If your baby is uninterested in feeding you may be told (or threatened!) that your milk wont come in unless he suckles all the time. In fact it will in some cultures the baby is never put to the breast until the mother begins to lactate.
You are also likely to worry if he wants to suckle all the time, in case he isnt getting enough. Breast-feeding babies do not normally need bottles of formula milk in the first three days nature tends to get things right and provide enough colostrum to keep him going until your milk comes through. You dont have to be browbeaten into giving a bottle of formula milk in the first 72 hours by someone saying that your baby is hungry, unless this is on the specific advice of a paediatrician. There is a risk that giving an impatient baby a bottle of formula milk when it is not nutritionally required will fill him up and make him less prepared to suckle at the breast when your milk does come through. It is also the case that formula milk (even a few grammes) may trigger allergies in certain babies.

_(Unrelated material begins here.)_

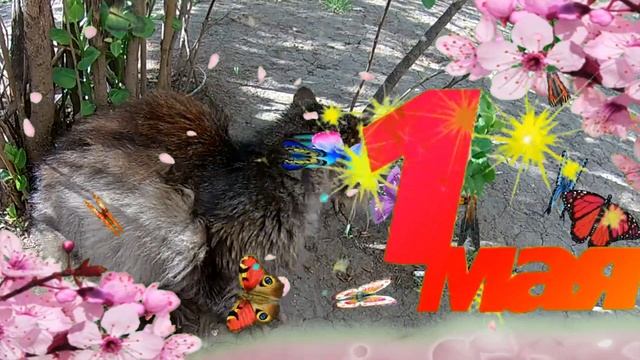 КОТ И РЫБА ПОЗДРАВИЛИ ВАС с 1 Мая! Музыкальная ВИДЕО ОТКРЫТКА С ПЕРВОМАЕМ ДРУЗЬЯ!!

There are three exceptions to all this:
- Babies who have not grown adequately during pregnancy are sometimes initially unable to regulate their own blood sugar level well enough and need extra feeding.
- Very big babies sometimes cant settle at all because they are genuinely starving hungry. Your paediatrician will tell you if this is the case.
- If you have already developed horribly sore nipples you may have no alternative but to rest them for a feed or two.